Obviously this isn't the place to start, which is with Volume 1, but it's a terrific payoff for fans of Invincible who've following this series from the beginning. The twist at the end is completely unexpected. I'm also really looking forward to the next one as when Invincible left Earth at the beginning, he didn't know his girlfriend was pregnant. Now it's ten months later.
6. American Vampire Volume 1. Written by Scott Snyder and Stephen King, illustrated by Rafael Albuquerque. Vertigo. Hardback, collects issues 1-5 of the ongoing series.
And now for something completely different.

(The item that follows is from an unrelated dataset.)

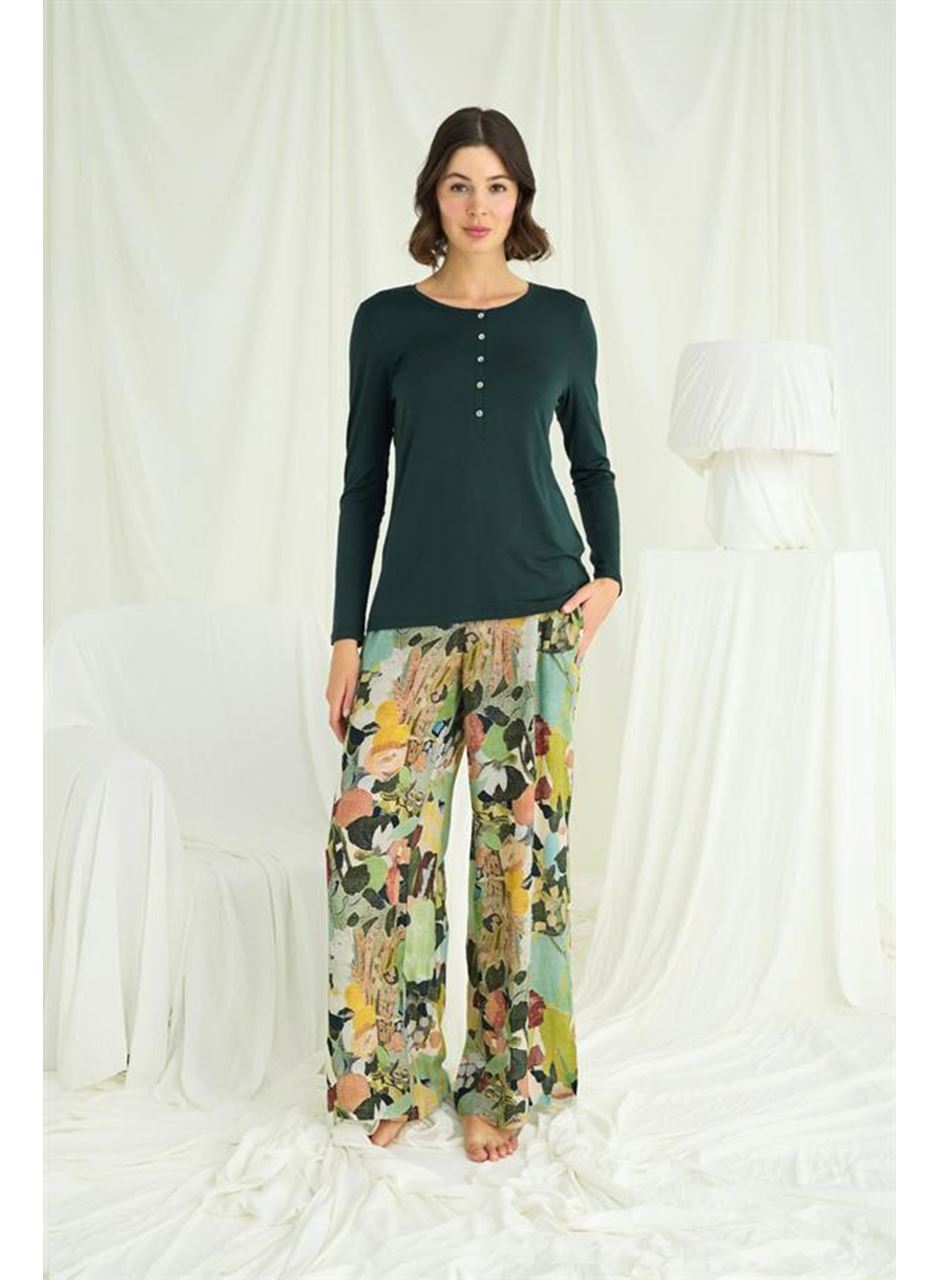 Çiçek ve Yaprak Desenli Pijama Takımı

Each chapter is divided into two parts of 16 pages each. The first is set in Hollywood in 1925 and is written by Scott Snyder, the creator of the series. The second is set in Wild West and is the origin story of Skinner Sweet, the American Vampire of the title, and is written by Stephen King. Vertigo is the mature readers imprint of DC Comics and has done much to raise the standards of comic books and the idea of what they can do. Gaiman's Sandman was published by Vertigo to give just the most famous example.
The premise is that European vampires have moved to the USA and expanded into legitimate business enterprises such as movies. Not long after their arrival, they hunted down the outlaw Skinner Sweet who been robbing their banks. Sweet is not a nice person. He is a brutal killer with no qualms about letting his men commit rape during the course of their robberies. He is caught, accidentally vampirised and buried for over 20 years.
In the main story, Sweet appears to have mellowed slightly and is first seen flirting with two movie extras. when one of them, Pearl, is attacked by vampires at a Hollywood party, he vampirises her, gives her some basic information and sets her loose on them (they're old enemies). The twist is that Sweet and now Pearl are a new breed of vampire, able to walk in daylight. It's also made clear that this series will span the next few decades of the 20th century.
This is not superhero stuff and a long way from it, a long way from the fun fantasy violence. It is crude and brutal with an appropriately edgy but highly skilled art style to match. There is a lot of story contained in these five issues making it a dense read which repays rereading. I'd been putting off buying this, despite the many good reviews which suggest it's joining the ranks of Vertigo's best titles, and now I wonder why. This is really very impressive.